When writing out the entries below, keep only the lines from the line with "Prescription For Nutritional" to the line with "Que Faire A", both included, exactly as they are, and leave the pictures aside.

=== Given entries ===

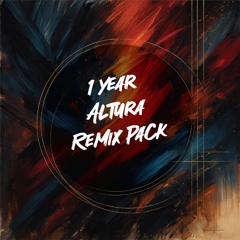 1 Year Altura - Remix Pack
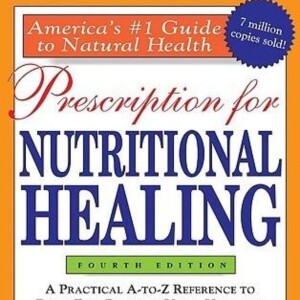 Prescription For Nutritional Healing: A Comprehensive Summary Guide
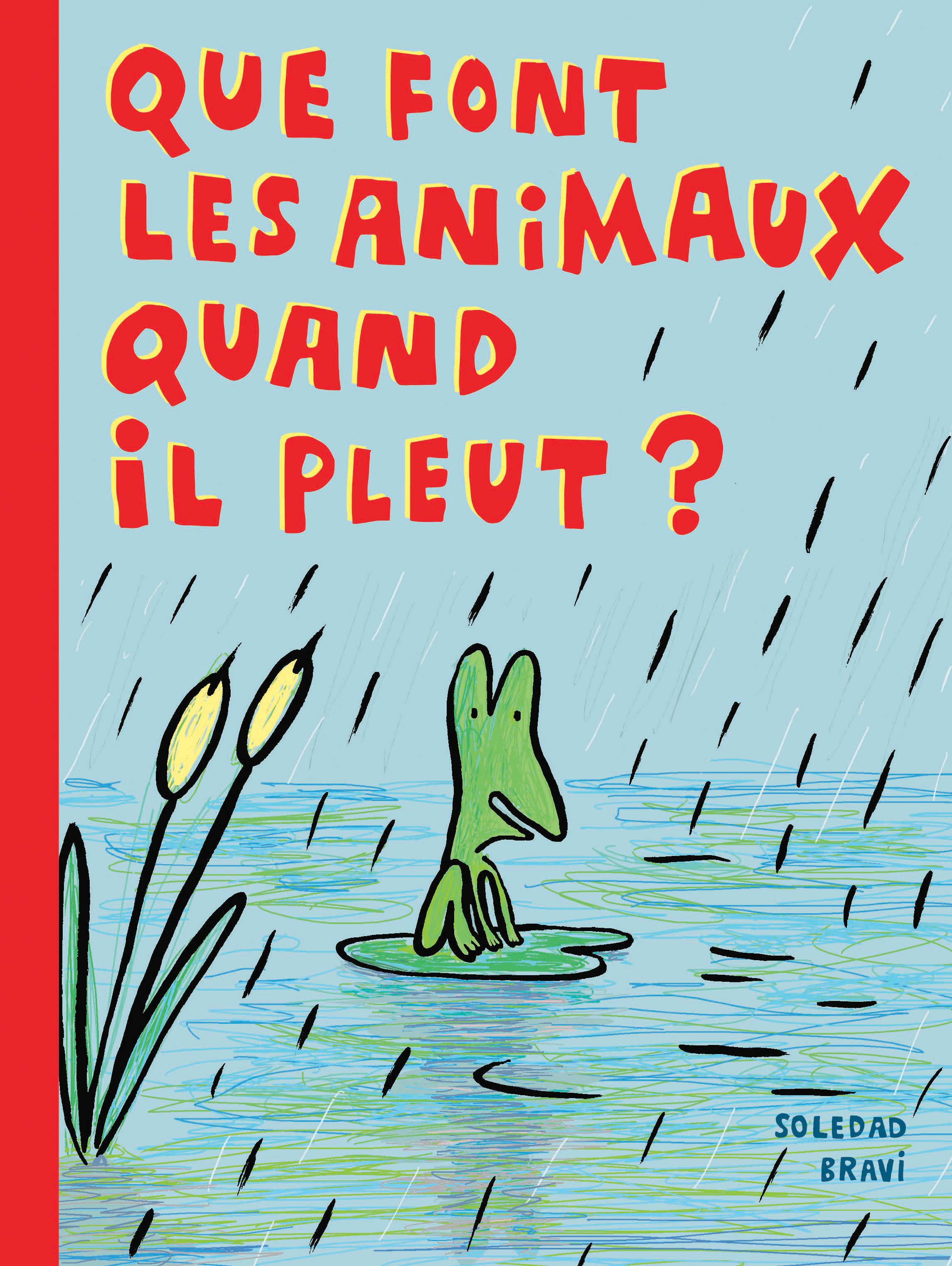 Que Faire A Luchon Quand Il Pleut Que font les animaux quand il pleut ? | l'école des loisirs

===
=== Given entries ===

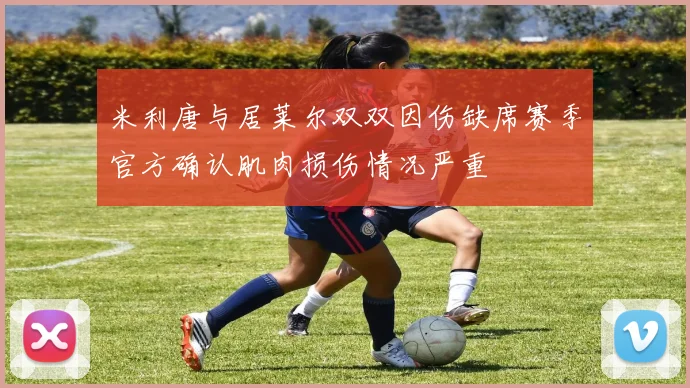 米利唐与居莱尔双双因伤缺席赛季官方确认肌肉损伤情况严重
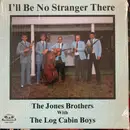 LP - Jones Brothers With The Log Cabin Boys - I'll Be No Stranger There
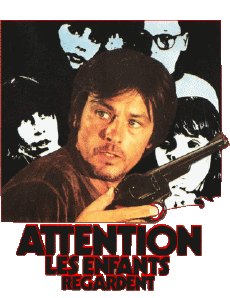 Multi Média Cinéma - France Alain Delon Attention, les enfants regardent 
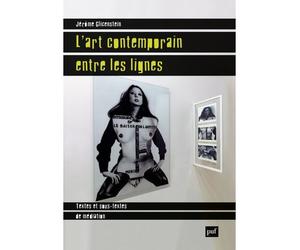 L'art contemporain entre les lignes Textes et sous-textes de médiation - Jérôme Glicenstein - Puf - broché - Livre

===

### Completed exercise
 Prescription For Nutritional Healing: A Comprehensive Summary Guide
 Que Faire A Luchon Quand Il Pleut Que font les animaux quand il pleut ? | l'école des loisirs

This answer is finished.